İSRAİL BİZİ DE TEHDİT EDİYOR
Daha önce de yazmış idim…Yaşananların, Filistinli Müslüman kardeşlerimizin uğradıkları zulüm dışında da ülkemiz ile ilgisi vardır. İsrail aslında asıl bizi tehdit ediyor. Yahudiler; tahrif ettikleri Tevrat'ta hüküm uydurmuşlar.
Filistin dışında, Türkiye'den de toprak istiyorlar.
Nihayetinde bizi de öldürüp, bombalayacaklar. Yani şimdi tüm "Gazze, Kudüs Yahudilerindir" fikrini kabul edersek, ALLAH korusun, gelecekte, güneydoğumuzu Yahudilere vermeyi kabul etmiş oluruz.

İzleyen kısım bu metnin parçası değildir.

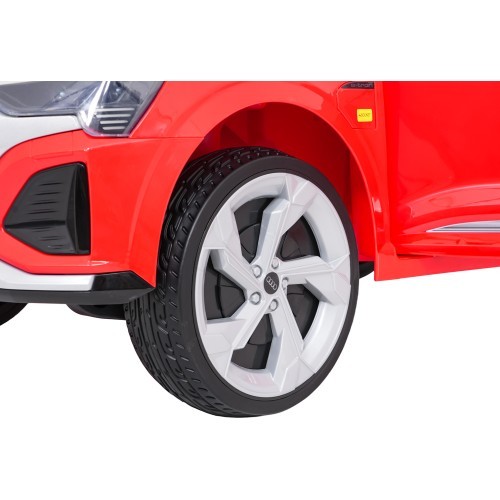 Elektromobilis Audi SQ8, raudonas
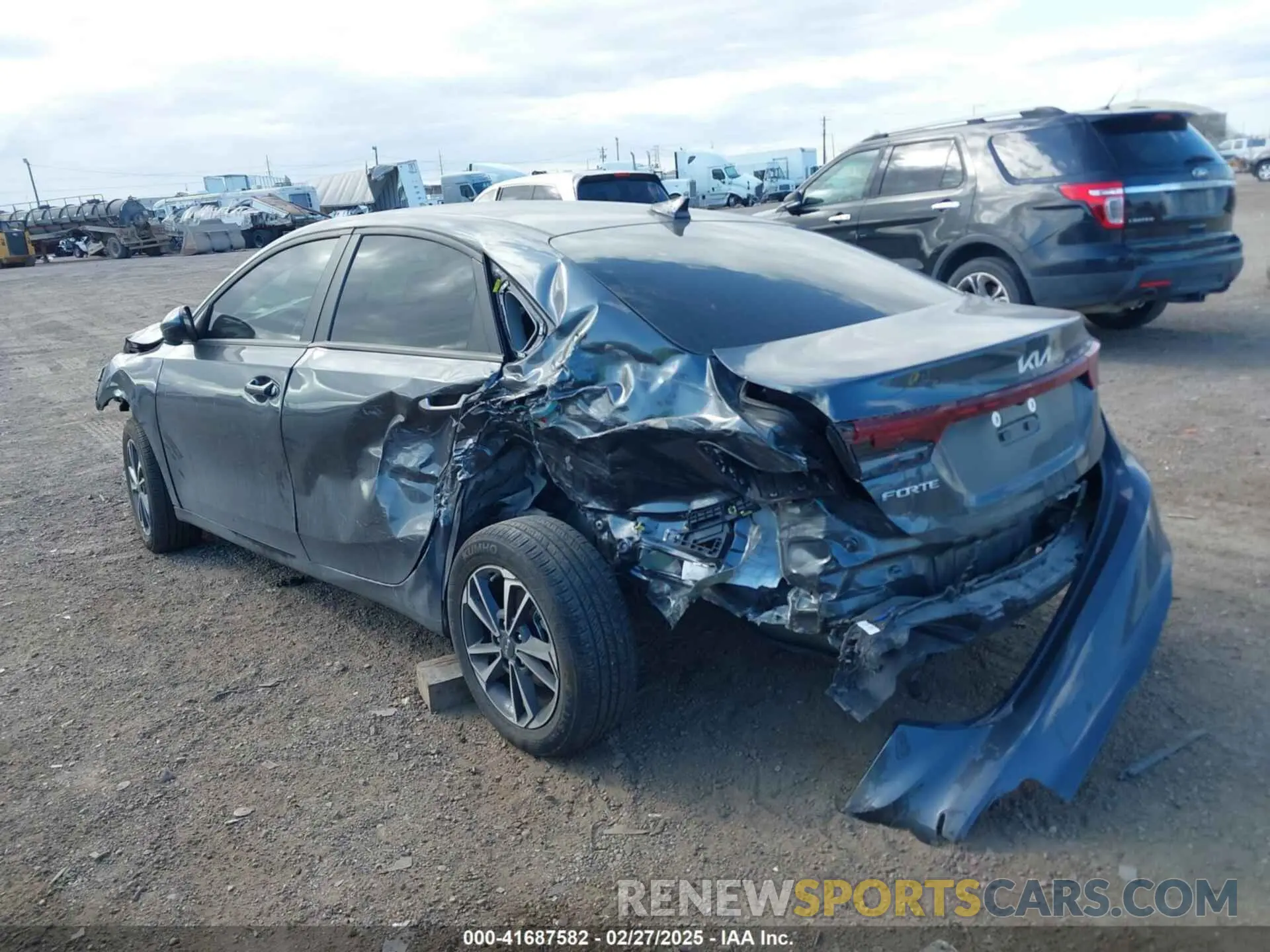 15 Photograph of a damaged car 3KPF24AD8RE765961 KIA FORTE 2024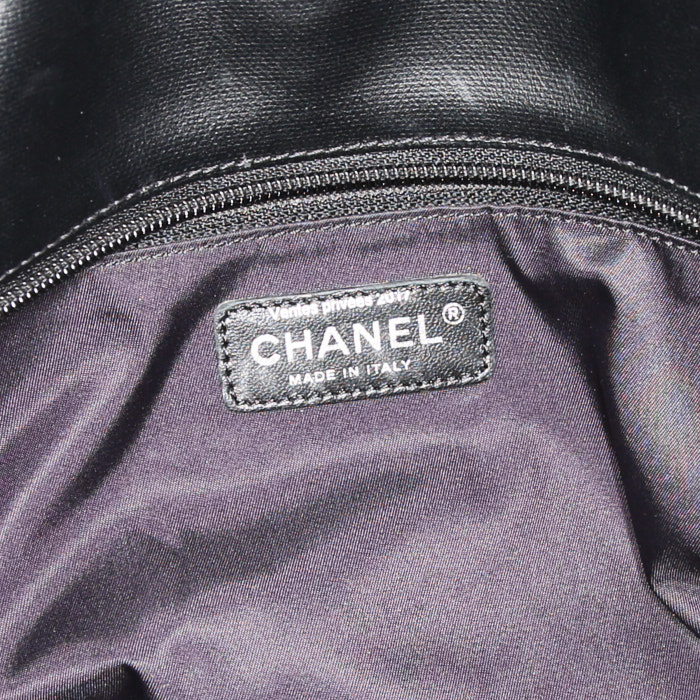 Shopping bag Chanel  Biarritz in pelle trapuntata nera e tela nera - Detail D3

Siyonist Yahudiler; "Arz-ı Mev'ud'u kuracağım, en son olarak Türkiye'ye geleceğim, ne pahasına olursa olsun senden de toprak alacağım" diyorlar.
Eğer şimdi bu lanetlenmiş Siyonist Yahudilere itiraz etmez, dur demezsek nihai hedefleri ülkemizdir, aziz vatanımızdır.
GEZEN BAŞKAN…!
İSTANBUL'UN kaynaklarını, yetimin hakkıdır demeden balya balya kendi ikballeri için dağıttılar.
Üstelik bunu da yüzleri kızarmadan savundular, hala savunuyorlar… İstanbul'da reklama/ algıya ayırdıkları bütçeyi, depreme ayırmadılar.
Artan su faturaları... Halk Ekmek'e, otoparka zam… Yapılmayan metro hatları, çökmüş şehir içi ulaşım...
Bütün bunlar yaşanırken;
İstanbul Belediye Başkanı malum şahıs, tuhaf yurtdışı gezileri ile meşgul, arada bir makamına uğruyor, vaatlerini hatırlamıyor bile... Ankara'da belediye şirketlerindeki korkunç istismar ve nerede olduğu belli olmayan paralar...
Belediye kadrolarındaki (yani milletin cebinden) nerede, ne iş yaptıkları bilinmeyen bankamatik memurları ve sosyal medya trolleri... Yapamadılar, yapamıyorlar ve yapmayacaklar...
CHP'NİN AZGIN MİLİTAN MEDYASI
Bu arada; iktidar belediyeleri ya da parti mensupları yapmış olsa idi kıyameti kopartacakları iş ve durumları… CHP idarecileri, sözcüleri, CHP'nin tarafsız maskeli militan medyası, sosyal medyadaki azgın yandaşları, görmüyor, duymuyor, konuşmuyor, göstermiyorlar… CHP'de Ekrem, Özgür, Kemal ve taraftarları; partiyi kim idare edecek diye dövüşüyorlar, el altından, taraftarları aracılığı ile birbirlerine iğrenç suçlamalar yöneltiyorlar.
Bunlara ilaveten bir de eski HDP, şimdinin DEM'i var.
CHP'de adeta birbirlerini bir kaşık suda boğacak gibi kavga eden bu insanlar; size yaşadığınız il ya da ilçede tertipli, düzenli, disiplinli hizmet bundan sonra da vermezler, veremezler...
YENİ NESİL SAVAŞ YALAN VE İFTİRA
Devletimize ve milletimize düşmanlık yapanların silahları artık; tabanca, tüfek ve bombalar değil yalanlar olmuştur… Terör ve terörist, şekil ve yöntem değiştirmiştir. Eskiden terör örgütleri ve teröristlerin yaptıklarını, günümüzde yalan söyleyerek ve yayarak yapıyorlar. Yalan söylemek ve yaymak, günümüzün yeni savaş ve yok etme taktiğidir.
Hakikati yok etmek, her şeyi ele geçirmek anlamına geliyor. İğrenç yalanları ve iftiraları, sanki gerçekmiş gibi yayıyorlar. Gerçekleri olduğundan çok daha fazla büyüterek, küçülterek ya da yamultarak, milli birlik ve beraberlik cephemize saldırıyorlar.